What the task asks :: Reproduce exactly the first line of the material below and every line after it, ending with the line that contains "6 Ft. 3.5 mm". No pictures should be copied.

Available data ::
*****
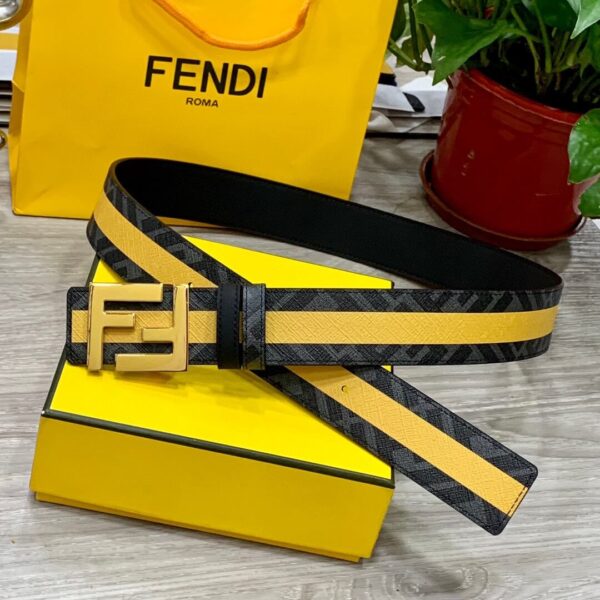 Fendi FF Buckle Men's Belt - Image 5
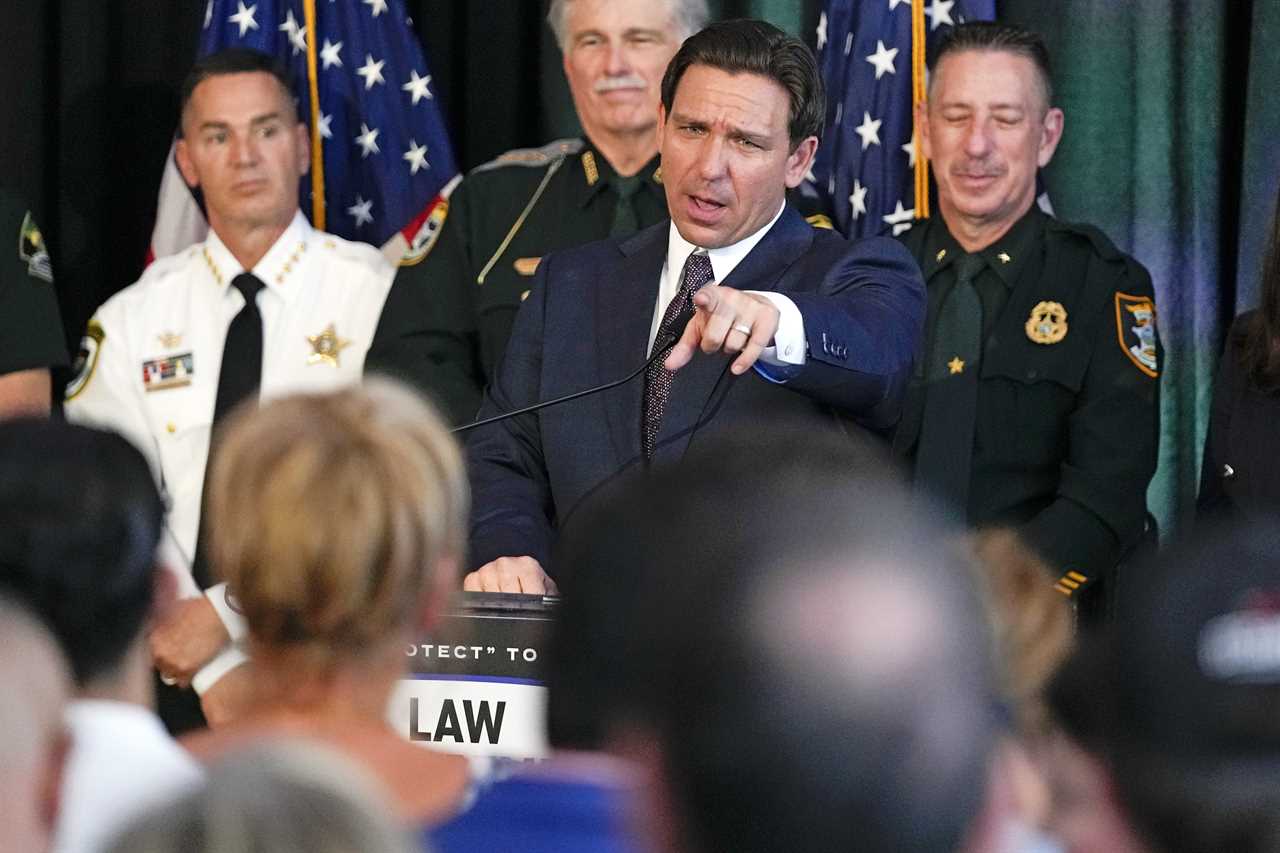 DeSantis is weakened and returns to Florida for the campaign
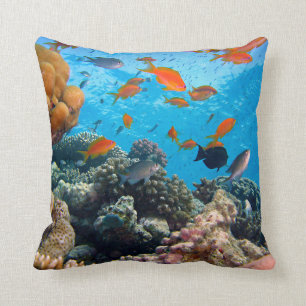 Underwater Scene Cushion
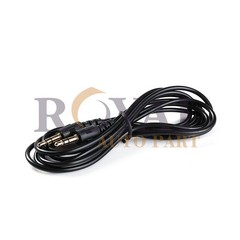6 Ft. 3.5 mm Aux Cable Male to Male Audio Stereo Jack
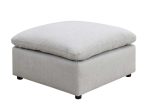 Pippa 6-Piece Modular Sectional with Right Side Arm Chair, Console & Left Side Ottoman Chaise 99076LGYSSO6R - Image 4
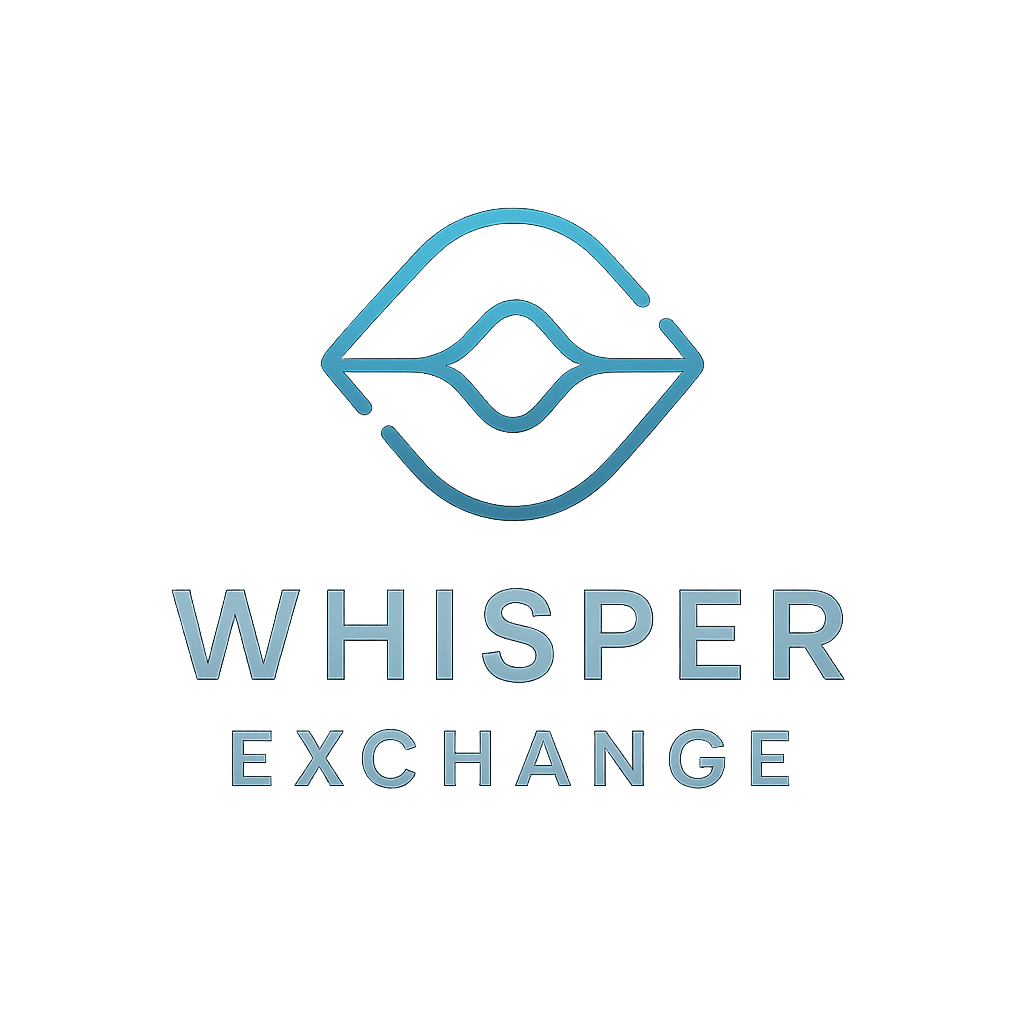 Whisper Exchange logo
*****
Answer section ::
 Fendi FF Buckle Men's Belt - Image 5
 DeSantis is weakened and returns to Florida for the campaign
 Underwater Scene Cushion
6 Ft. 3.5 mm Aux Cable Male to Male Audio Stereo Jack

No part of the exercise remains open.